The World Economic Outlook released in April upgraded our forecast for global growth to 3.5 percent this year and 3.6 percent in 2018. That is up from 3.1 percent in 2016. We will release an updated WEO forecast next week in Kuala Lumpur.

Asia’s outlook remains the strongest in the world—and has been the most important contributor to global growth for several years. Policy stimulus continues to support domestic demand in China and Japan. Meanwhile, investment in infrastructure and public services is supporting growth across Southeast Asia.

Growth in the region is expected to reach 5.5 percent in 2017, after slowing last year. Most importantly, this recovery reflects stronger expansion of world trade.

The Indonesian economy has been one of the strongest and most resilient performers among the large emerging market economies. Growth is solid, inflation is manageable, and the current account deficit has been contained.

The government has effectively steered its way through the obstacles presented by the global economy in recent years with a good mix of macroeconomic policies and structural reforms. Indonesia’s growth this year is expected to exceed 5 percent.

These are very positive developments. But Asia faces significant challenges. In the short run, there is uncertainty about the direction of economic policy in some advanced economies, especially the risk of inward-looking policies that could affect regions like Southeast Asia that have benefited from global economic integration.

Although the normalization of Fed policy so far has proceeded smoothly, it still poses a risk. This is especially the case for borrowing costs in regional economies where private debt has risen over the past decade.

There also is the potential for renewed market volatility—both because of the changing monetary conditions and unexpected turns in China’s economic rebalancing.

Then there are the longer-term challenges. These include the trillions of dollars in infrastructure investment that will be required if Asian countries are to achieve advanced economy status.

There will also be demands for increased spending on education and other public goods to make growth more inclusive. In addition, some countries will need to address the implications of demographic change, especially the rapid aging of populations that carry implications for health care and pension spending.

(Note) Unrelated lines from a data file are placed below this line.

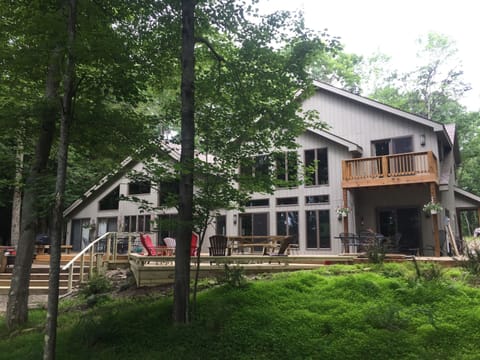 The front of the house faces the lake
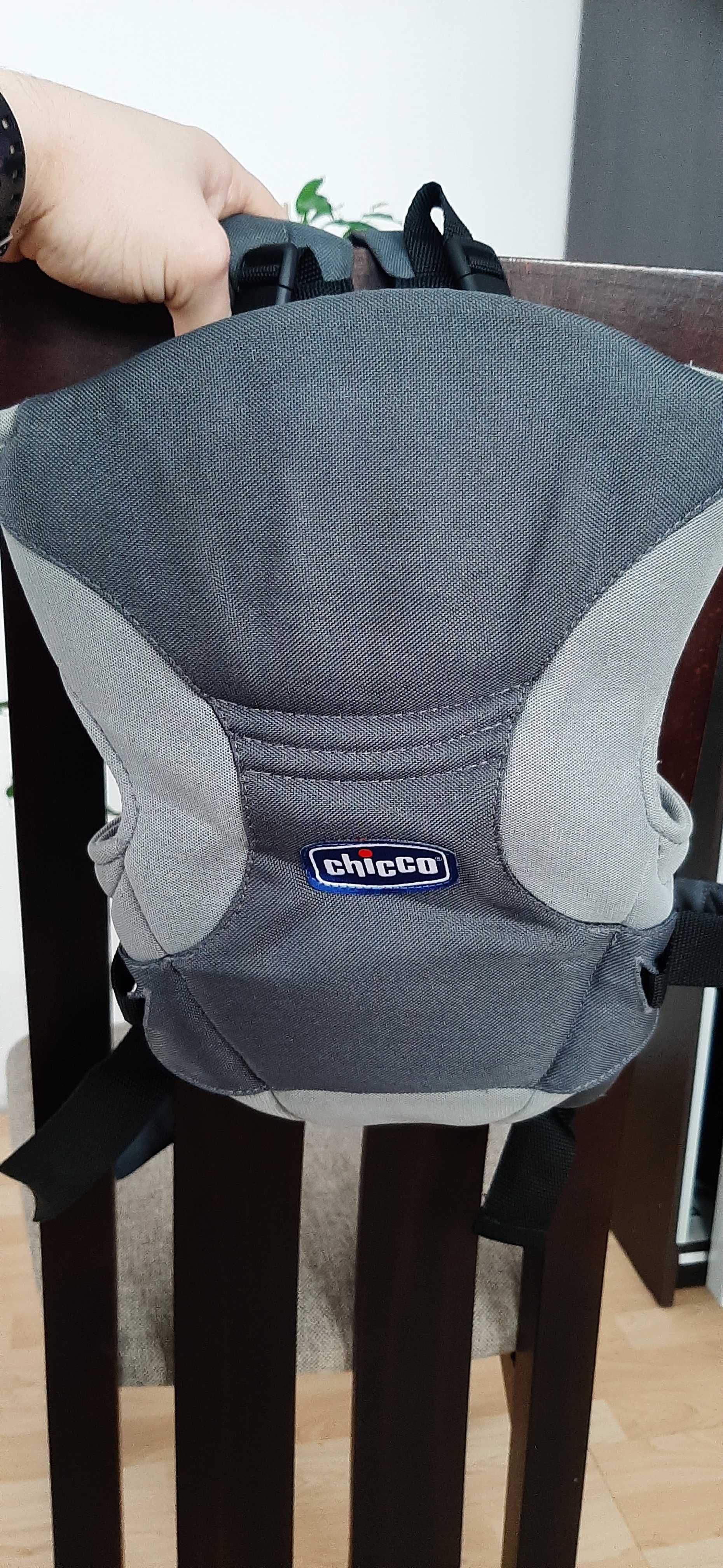 Nosidelko CHICCO 3.5 - 9 kg.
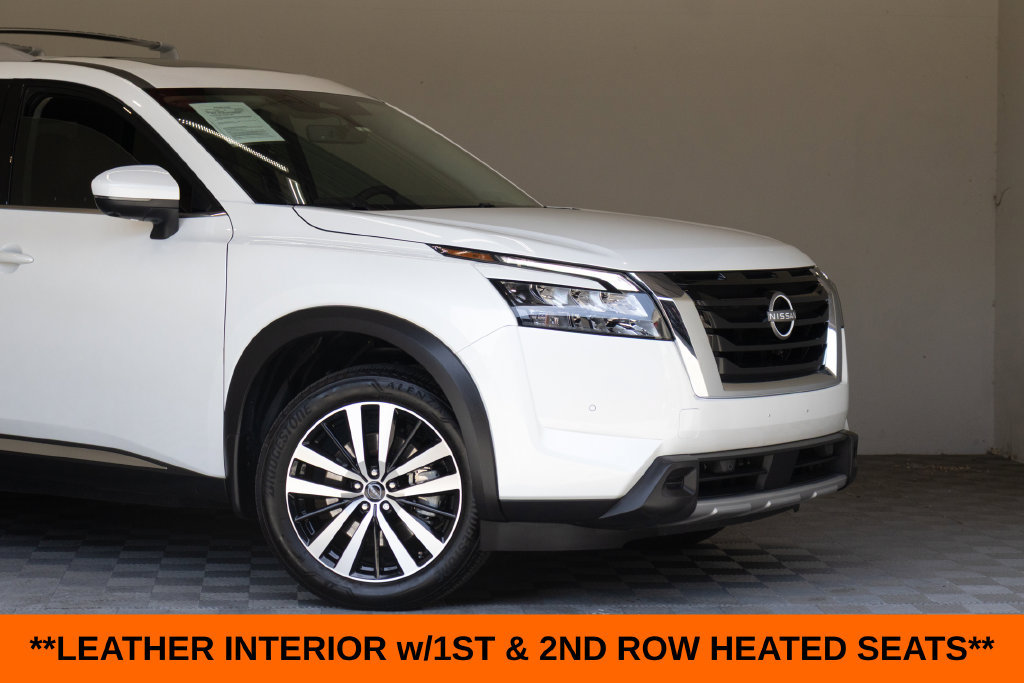 Used 2025 Nissan Pathfinder Platinum w/ Cargo Package FWD image 3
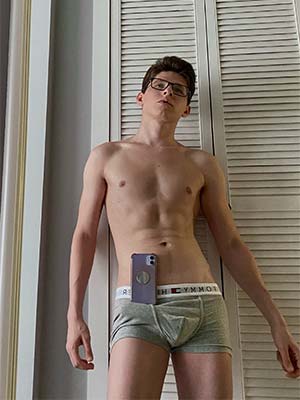 Liam 19 yo twink with a nice strong cock up for the selfie cock challenge - Hackensack, NJ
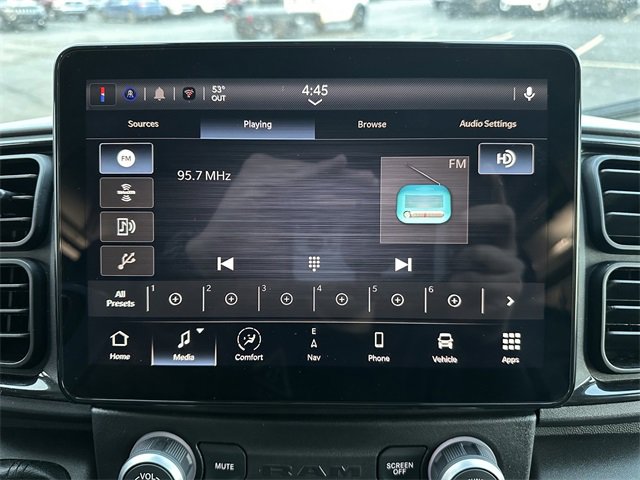 Used 2025 RAM ProMaster 2500 w/ Premium Convenience Group image 26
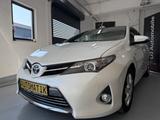 Toyota Auris Hybrid/Vollausst./Kamera/Pano/Mod.2014 - Toyota Auris mit Hybrid-Antrieb: Limousine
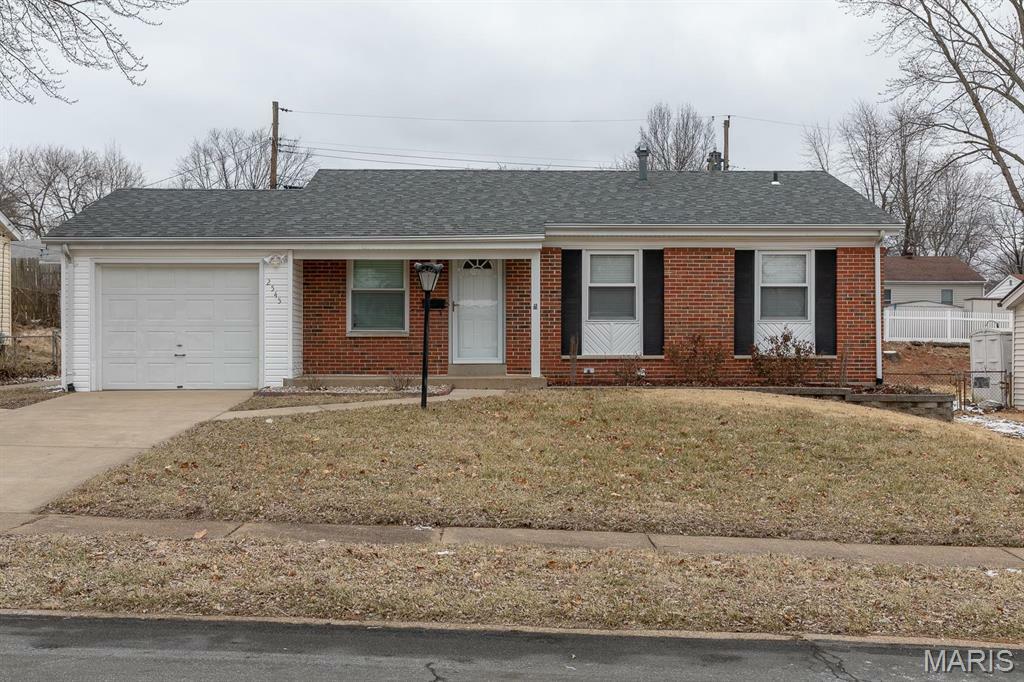 Property Photo: 2545 Teakwood Manor Drive MO 63031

Finally, many Asian countries—including Indonesia—face the policy challenge of sustaining and accelerating inclusive growth at a time of lower commodity prices. This will require further economic diversification.

The Demands of Growth

These challenges all will cost money—and that points to the central importance of domestic revenue mobilization. Increased revenue and public spending are essential catalysts for growth—at a time when the demands for fiscal resources are only growing.

This audience understands this linkage better than most. Revenue mobilization already is high on your countries’ policy agendas. And it is not just a matter of development. It is essential to ensuring the macroeconomic stability that has been central to your success.

The challenge you face is very clear. Compared to other regions in the world, tax revenues are relatively low in Asia. Some see this as something of a tradition in this region.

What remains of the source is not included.